When I first started reading books and watching movies, I enjoyed tropes before I knew they were tropes. While I wasn’t aware of them at the time, I loved every predictable arc and going into films with the internal assurance that everything would be okay. Starting out, nothing ever violated my expectations of a happy ending or optimism winning out in the end.
However, when really popular groundbreaking things get constantly referenced and remixed, it makes the original look quaint in comparison (see: “Seinfeld” is Unfunny). Consequently, as I watched more movies, tv shows and videos, I became hyper aware of the cliches and tropes. This continual predictability started to render everything increasingly inert. So I turned to subversion.
Effective subversion became a thrill-seeking activity of mine. Barry on HBO, the early seasons of Game of Thrones, No Country for Old Men, Se7en, and many horror movies did this well. I thought it was poetic when a movie teased you with a happy ending and ripped it away. Bittersweet or sad endings became something that I felt was just “life as it is.” And so I simply accepted it.
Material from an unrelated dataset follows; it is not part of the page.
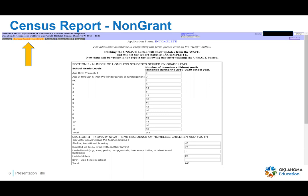Section one is the number of homeless students served by grade level. Grades pre-K through 12th grade will pre-populate — that data will be pulled from the WAVE from your student information system. You will manually enter numbers for birth through age two and age three through five not in pre-kindergarten or kindergarten. So those two fields will be manually entered; everything else is going to be pulled from your student information system. So make sure all the kids you have identified as homeless are marked correctly in your SIS.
It felt meritorious.
But subversion became drier the more I sought it too. It felt overly cynical, lacking real narrative purpose and thus, power. The devastation you’re supposed to feel at a subversion is meant to be that which is carefully constructed throughout the whole of the media you’re engaging with. A blindsided subversion feels cheap. Yet, I was starting to see lots of those. Your main character gets away with something morally dubious and then gets run over by a bus. Not very compelling storytelling.
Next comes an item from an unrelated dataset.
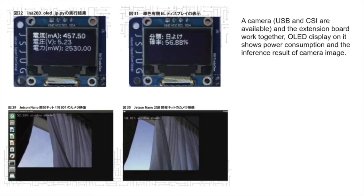A camera — USB and CSI are available — and the extension board works together. The OLED display on it shows power consumption and the inference result of the camera image.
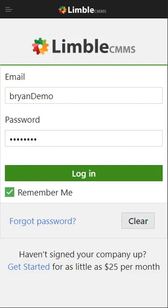Hey guys, today we're going to go over the Limble mobile application. If you don't already have it installed, you can go to the Google Play Store or the Apple Store, type in Limble CMMS, and it will appear at the top.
You also never really see subverted expectations as something that results in the “good ending.” An ending or plot decision that violates your expectations in an optimistic way. There is greater demand for the shocker, plot twist endings. I got burnt out on it.
This reminds me of one of Variety’s Actors on Actors videos which features Robert Pattinson and Jennifer Lopez. In it, Pattinson says, “I always say about people doing method acting, you only ever see people doing method when they’re playing an a**hole. You never see someone just being lovely to everyone going, ‘I’m really deep in character’.” Just like method acting, it’s only really the downer “subversions” that ever seem to get made.
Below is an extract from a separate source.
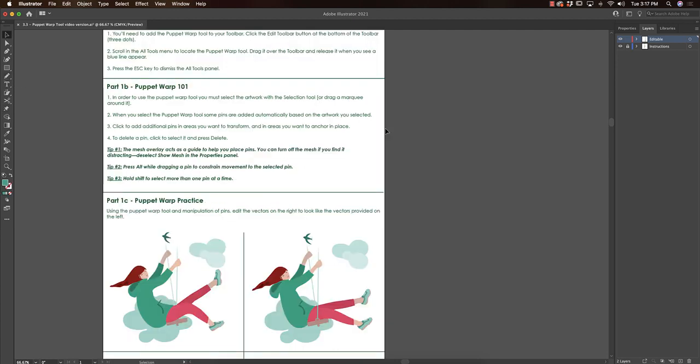Now you'll see at the top here I gave you some things to know about the Puppet Warp tool to help you out. One, in order to use this tool, you have to select an object first with your selection tool and then access the Puppet Warp tool.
Very rarely would I see a subversion that was such that my expectations of pessimism was outstripped by an optimistic ending.
Happy endings can earn critical merit. In defense of this point, I will point to Paddington 1 and 2. They’re earnest films. They’re quite effective because of their willingness to be happy and without reservation. There is no undercutting the good moments with caustic sarcastic humor for the sake of subversion. It is played as it is and it is so refreshing. Some people’s gripes with the Star Wars sequel trilogy and Marvel Cinematic Universe fell along these lines. Sincere moments were frequently undercut by wisecracks making everything feel like it was a parody of itself. It signaled an aloofness from the material.
Paradoxically, burning out on subversion after seeking it for so long had the effect of resetting my brain chemistry. I’d gotten so used to expecting downer endings in things that I was pleasantly surprised whenever my fears were unfounded. I noticed whenever I was watching things, I had unconsciously braced myself, steeling myself in anticipation for my fledgling optimism to be dashed unceremoniously by an all-powerful storyteller. It’s a bit like when you see the side profile shot of someone driving while talking to someone else. You can’t help but feel a tension or unease build up as they take their eyes off the road to talk to the other character. You are curled within yourself expecting an impact either from the side or the front.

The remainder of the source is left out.